Донецк молодости Виталия Заблоцкого
Донецк у каждого свой. И лучший Донецк у каждого – это, наверное, город его детства и молодости. Мы попросили вспомнить это время Виталия Заблоцкого — профессора, доктора философских наук. И он вспомнил — о волшебнике из книжного магазина, о рухнувшем доме на Розе, о старом трампарке на Богдана, о рекордном заказе в «Чебурашке», об истинно народном футболе…
«Фонтан рядом с Минугля подсвечивался волшебной иллюминацией»
— Ваше первое впечатление от Донецка — это…
— Донецк был первым большим городом, который я увидел. Было мне лет пять, и мы приехали к моему дедушке (двоюродному) – Григорию Федоровичу Федосову, заведующему книжным магазином №130, по улице Университетской. Он и проживал тогда по Университетской, напротив первого корпуса ДонГУ. «Я покажу вам вечерний город!» — многообещающе произнес дедушка. И вечером мы пошли на площадь Ленина, к фонтану рядом с Минугля, который подсвечивался волшебной иллюминацией, и всё это казалось — и было! — чудом. Дедушка казался устроителем и дирижером этих свето-водных потоков, которые то, казалось, иссякали, то снова били в полную мощь.
— А в своем книжном магазине он уже не казался волшебником?

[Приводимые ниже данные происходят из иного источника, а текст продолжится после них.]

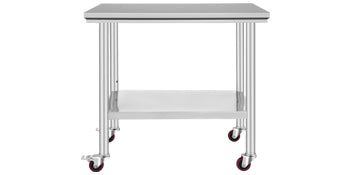 Stainless Steel Kitchen Prep Table with Wheels & Adjustable Shelf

— Чудо продолжалось и там. Обычно мы оставляли свой «Москвич-407» недалеко от памятника Пушкину, в тени раскидистых деревьев по проспекту Гринкевича. Сначала заходили в магазин «Военная книга» — он прямо напротив памятника Пушкину был, потом там был долго магазин игрушек, сейчас не знаю что. А потом отправлялись к заветному магазину. Кстати, теперь это вспоминается особенно отчетливо – крайне малое количество автотранспорта всюду. Иногда перебираю открытки с видами Донецка начала 70-х. Везде – одна-две машины. И возле оперного, и по улице Артема, и даже рядом с вокзалом… Итак, дедушкин книжный. Мы увозили домой (в поселок Донское Волновахского района) стопки новых книг. Сказки. Фантастика. Альманах «Глобус». Библиотека приключений («золотая рамка») и всё-всё. В августе каждого года – новые учебники к новому учебному году. До первого сентября я их успевал все прочесть, поэтому учиться было легко.

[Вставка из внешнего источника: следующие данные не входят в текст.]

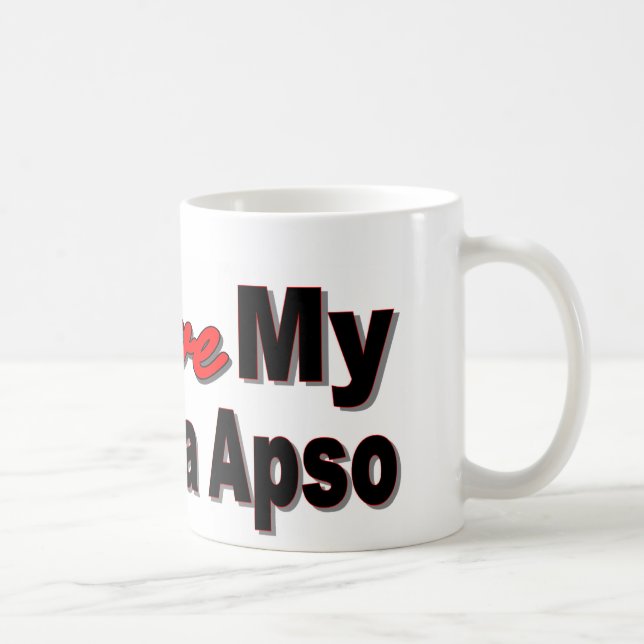Caneca De Café Eu amo meu Lhasa Apso (Direita)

— Но вообще, насколько помнится, в 130-м магазине были не только книги…
— Еще в дедушкином магазине были большие стенды с коллекционными марками. Самолеты. Хищные птицы. Вулканы. Метрополитен. Живопись. К филателии я вернулся уже гораздо позже, очень развивающее занятие. В отличие от шахмат и политики – успокаивающее. Уже гораздо позже, в бытность студентом, я с приятелями-однокурсниками регулярно – практически на каждом большом перерыве посещал памятный магазин. Многое там было уже по-другому, и марок давно уже не было – но нас влекли новинки, мы старались ничего не пропустить. Кстати, заметным событием в жизни университета всегда была выездная торговля магазина «Академкнига». По каким-то причинам он размещался не в областном центре, а в Краматорске. Иногда магазин организовывал торговлю в фойе главного корпуса. Да и мы иногда – рейсовым автобусом –ездили в Краматорск, чтобы порыться в книгах в более спокойной обстановке. Теперь отголоски былого книжного ажиотажа можно увидеть иногда на «Книжном Арсенале» в Киеве, но все это уже немного не то…
«Дом обрушился как раз напротив нашего общежития»

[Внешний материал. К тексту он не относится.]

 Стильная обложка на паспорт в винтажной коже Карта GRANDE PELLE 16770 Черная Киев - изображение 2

— Приезжая в Донецк из вашего Донского, вы наверняка старались посмотреть что-то еще, кроме «фамильного» книжного магазина…
— Обязательно. Помню, как мы каждый приезд обязательно останавливались рядом с оперным театром. Это почти всегда было летом, и казалось, будто сами стены храма искусств излучали тепло и сияние. Мы с папой шли к монументу, на котором установлена «тридцатьчетверка». Среди папиных боевых профессий была и профессия механика-водителя танка. Долго среди документов я находил серую книжечку с изображением боевой машины. Только под конец жизни он рассказал, как организовывал ремонт подбитых танков (тех же Т-34) во время корейской войны – правда, в тыловых условиях, недалеко от Владивостока. А в Луганске, куда мы ездили к дяде (маминому брату), на центральной площади вообще стоял настоящий танк времен первой мировой – кажется, английский «Марк». Причем не на пьедестале, а просто на мостовой. Можно было лазить по огромным гусеницам, барабанить по крыше и т.п.
— Донецкий цирк помните?
— Да, с классом мы приезжали в новый цирк. Его тогда только построили. Все производило феерическое впечатление. Фокусники (целый аттракцион «Человек-невидимка» Отара Белоусова). Акробаты. Дрессировщик Саакян на бегемоте. Женщина-каучук Норовсамбу (правда, она заболела, и ее номер был заменён). Клоуны – в особенности, хотя именно в Донецком цирке нам не пришлось видеть никого запомнившегося. В детстве прочел массу книг по истории клоунады. Всегда было интересно, что человечество нуждается в паяцах, шутах и скоморохах. В куклах-петрушках. А в нашем поселке на сцене заводского клуба с немного жалкой группой выступал трогательный Тапсик – очень остроумный. Видимо, фронтовик – без нескольких пальцев на руке.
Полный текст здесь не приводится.